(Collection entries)
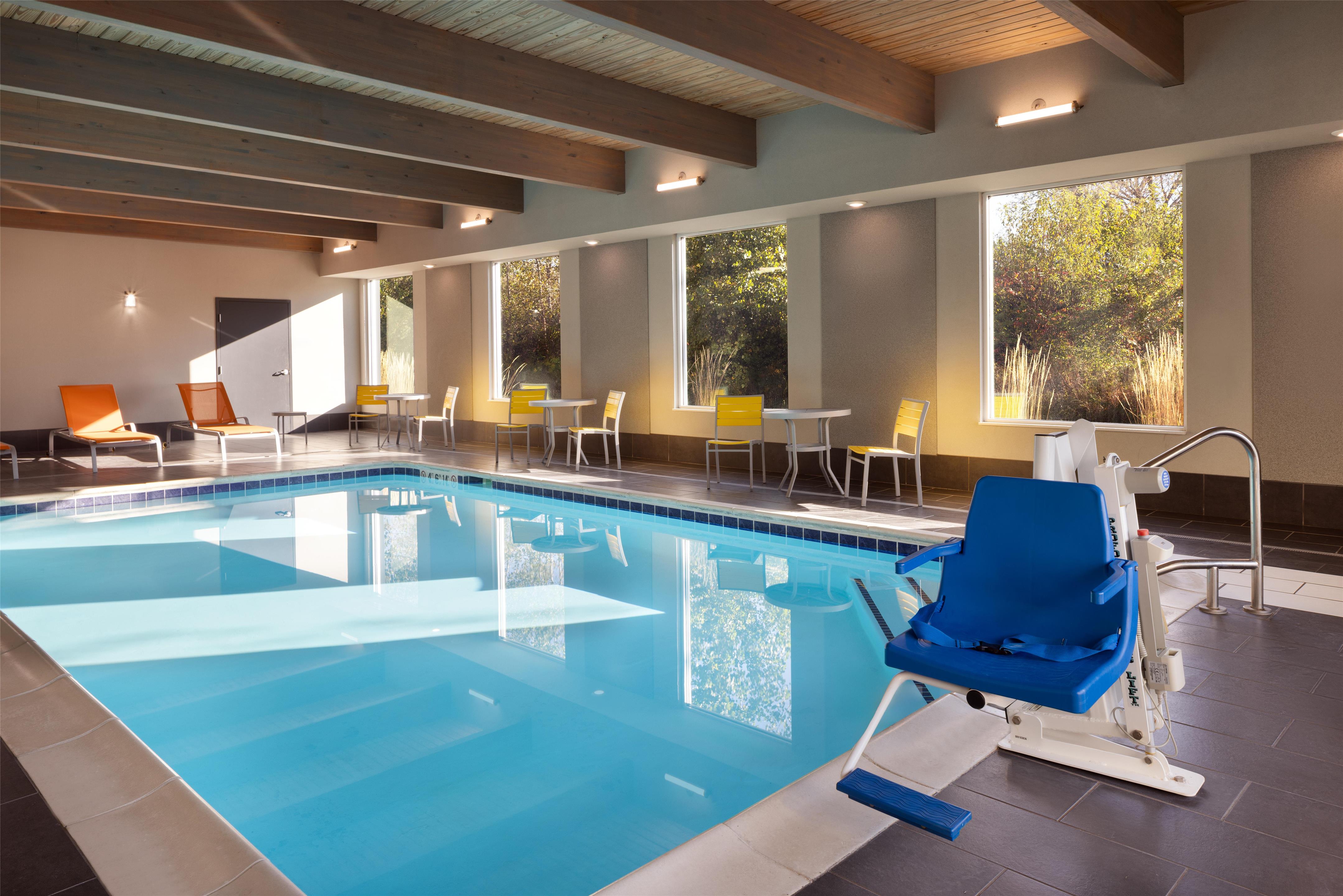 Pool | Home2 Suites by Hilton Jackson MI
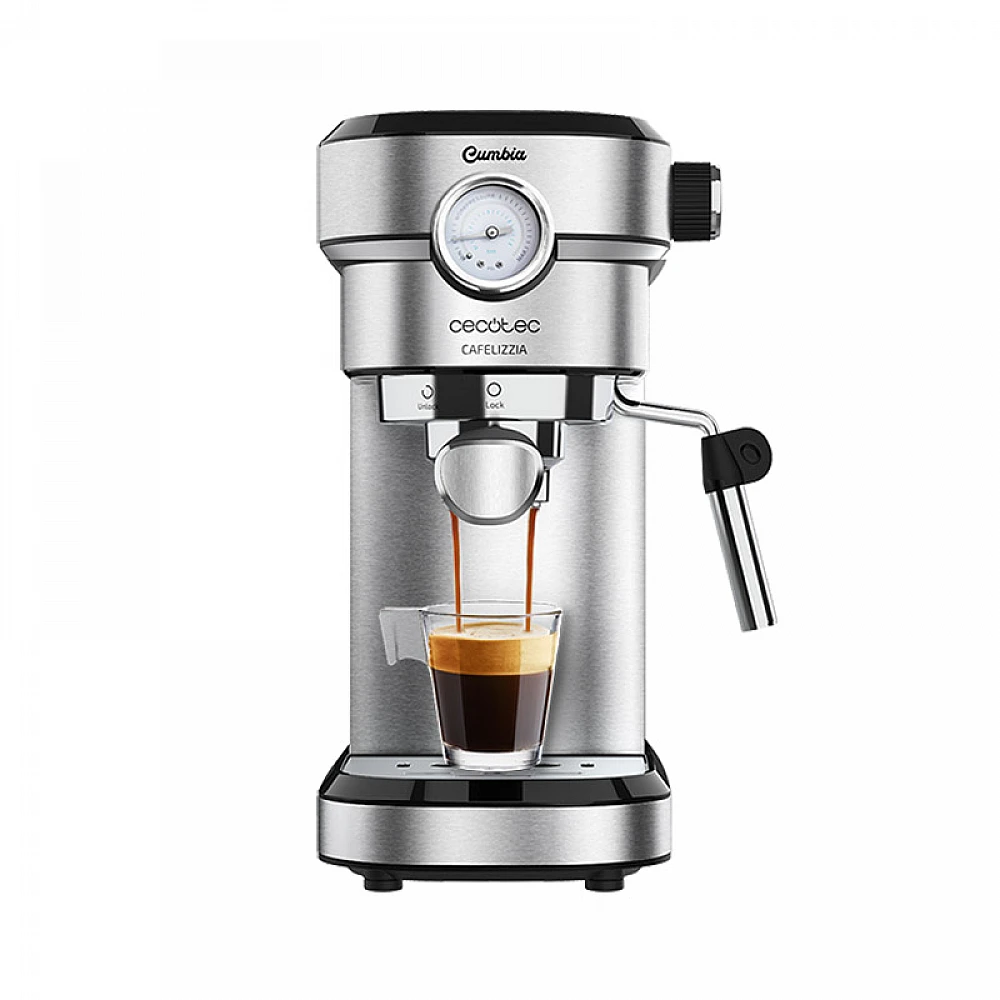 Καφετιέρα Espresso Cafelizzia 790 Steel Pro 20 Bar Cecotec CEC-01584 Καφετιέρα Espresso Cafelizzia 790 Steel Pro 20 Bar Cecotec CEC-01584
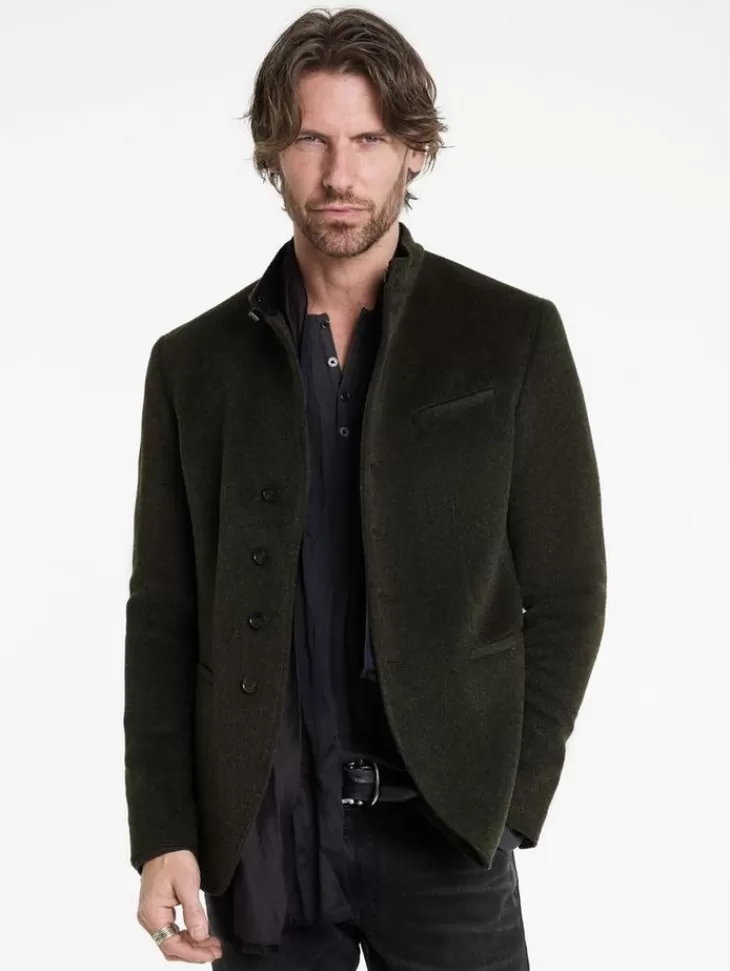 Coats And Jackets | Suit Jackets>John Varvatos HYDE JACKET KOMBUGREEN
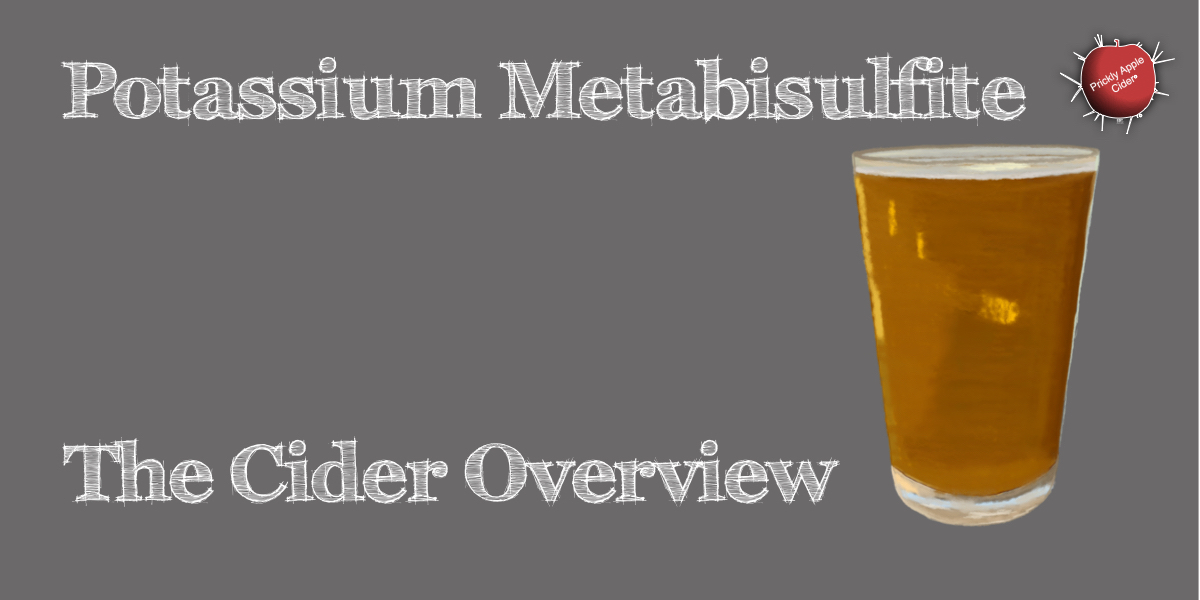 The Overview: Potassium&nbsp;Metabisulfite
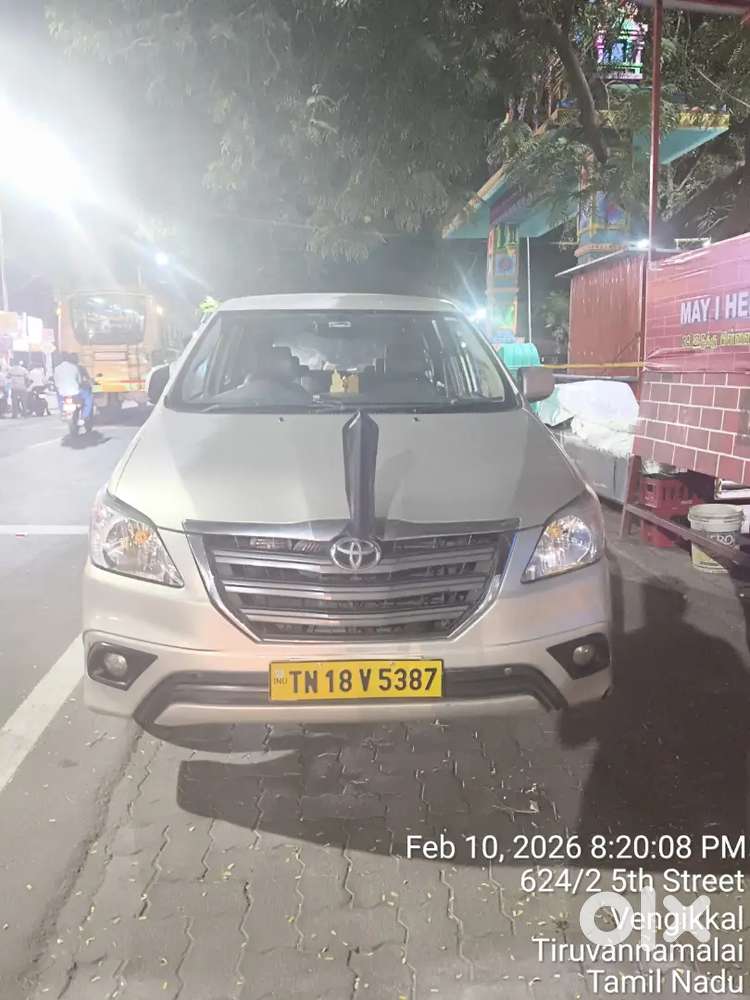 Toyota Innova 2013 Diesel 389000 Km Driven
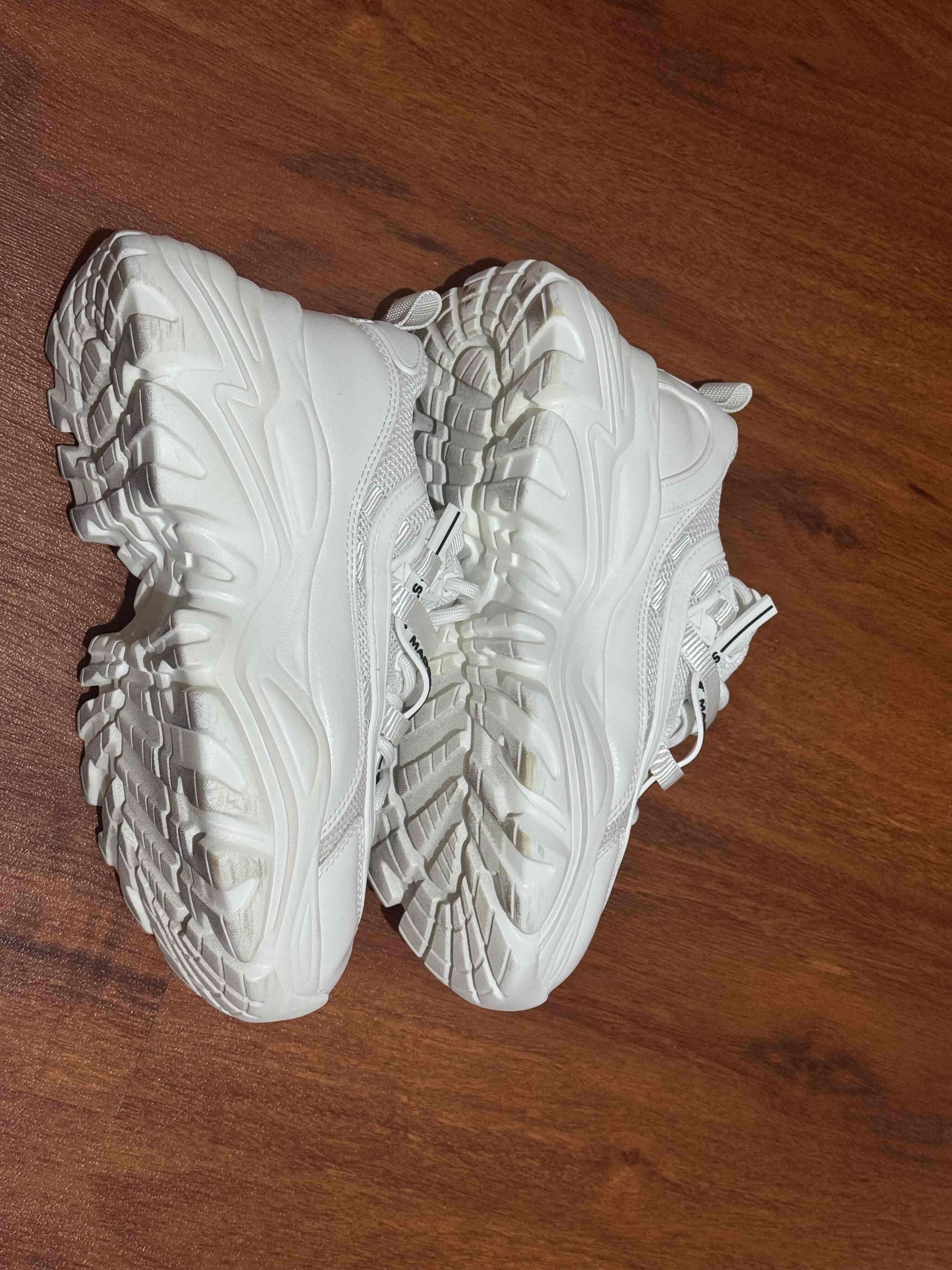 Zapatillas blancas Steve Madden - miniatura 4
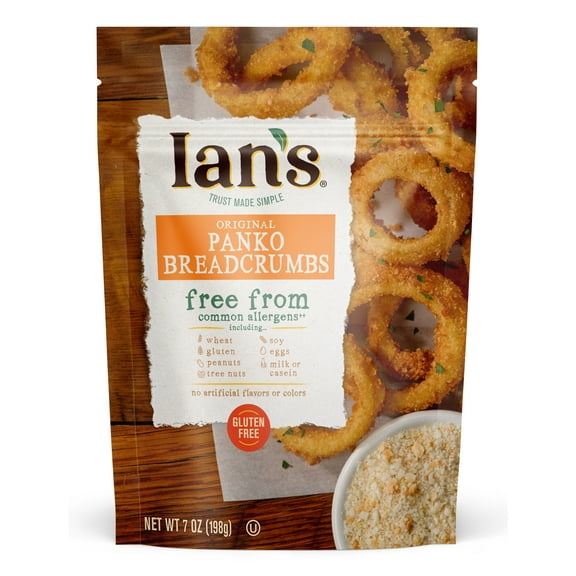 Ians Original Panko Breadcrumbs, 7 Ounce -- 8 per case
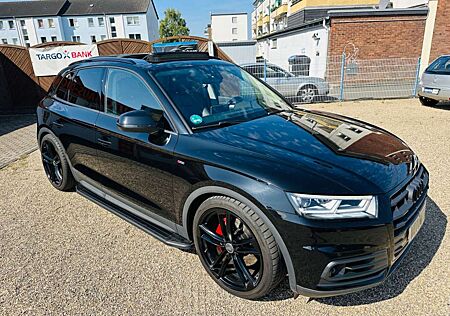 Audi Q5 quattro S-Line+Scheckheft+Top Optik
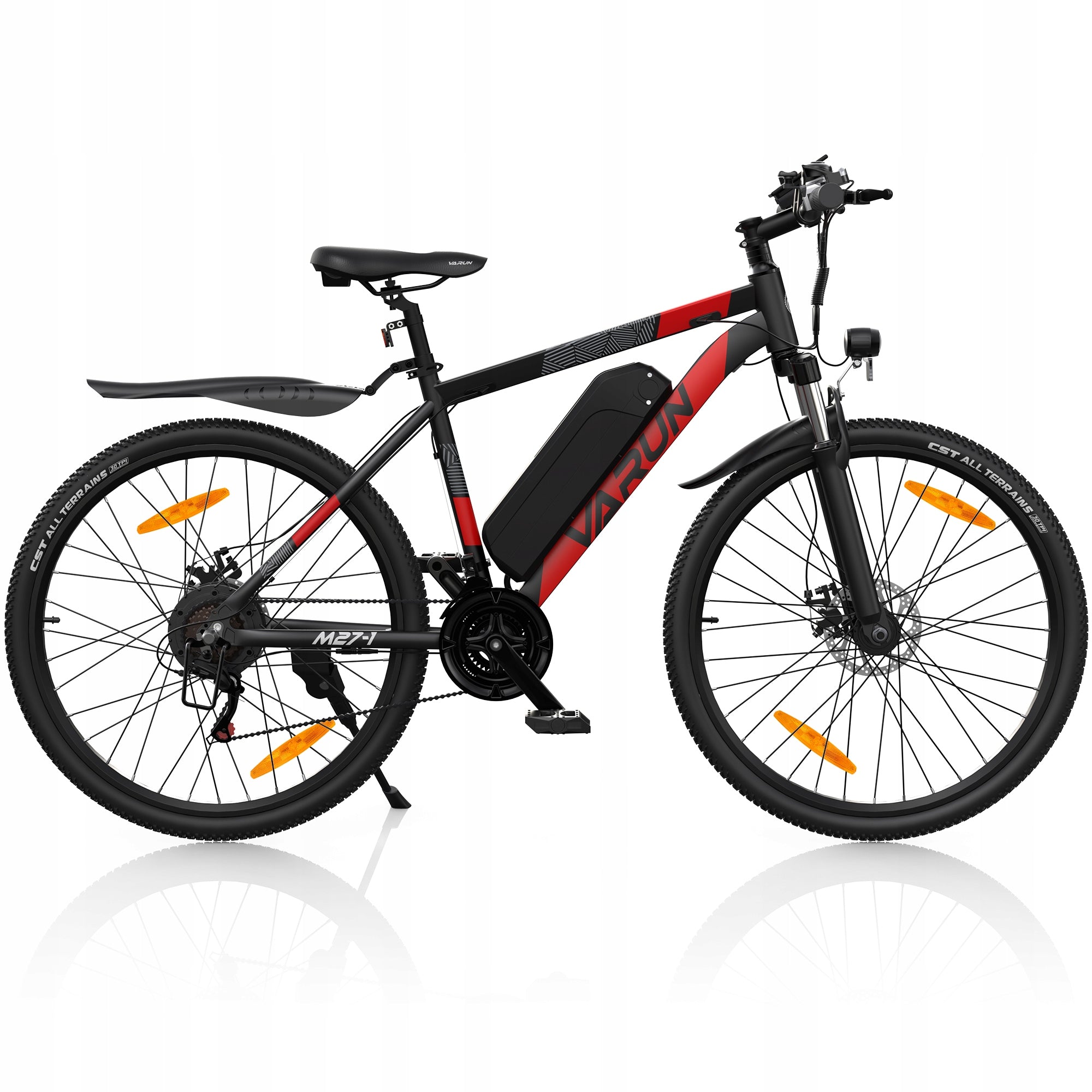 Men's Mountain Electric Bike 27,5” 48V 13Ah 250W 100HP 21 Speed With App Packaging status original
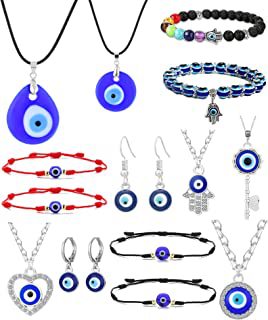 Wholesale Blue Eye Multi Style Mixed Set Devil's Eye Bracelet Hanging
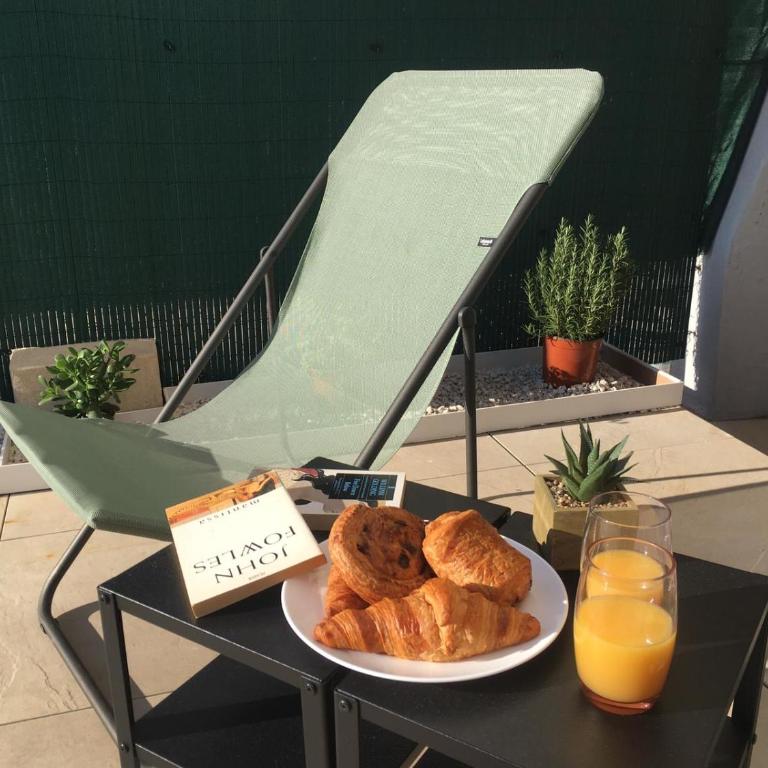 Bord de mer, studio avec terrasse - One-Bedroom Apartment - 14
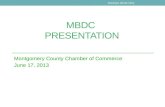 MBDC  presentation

Exercise description: Without any pictures, return the entries exactly as given.

Solution to this exercise:
 Pool | Home2 Suites by Hilton Jackson MI
 Καφετιέρα Espresso Cafelizzia 790 Steel Pro 20 Bar Cecotec CEC-01584 Καφετιέρα Espresso Cafelizzia 790 Steel Pro 20 Bar Cecotec CEC-01584
 Coats And Jackets | Suit Jackets>John Varvatos HYDE JACKET KOMBUGREEN
 The Overview: Potassium&nbsp;Metabisulfite
 Toyota Innova 2013 Diesel 389000 Km Driven
 Zapatillas blancas Steve Madden - miniatura 4
 Ians Original Panko Breadcrumbs, 7 Ounce -- 8 per case
 Audi Q5 quattro S-Line+Scheckheft+Top Optik
 Men's Mountain Electric Bike 27,5” 48V 13Ah 250W 100HP 21 Speed With App Packaging status original
 Wholesale Blue Eye Multi Style Mixed Set Devil's Eye Bracelet Hanging
 Bord de mer, studio avec terrasse - One-Bedroom Apartment - 14
 MBDC  presentation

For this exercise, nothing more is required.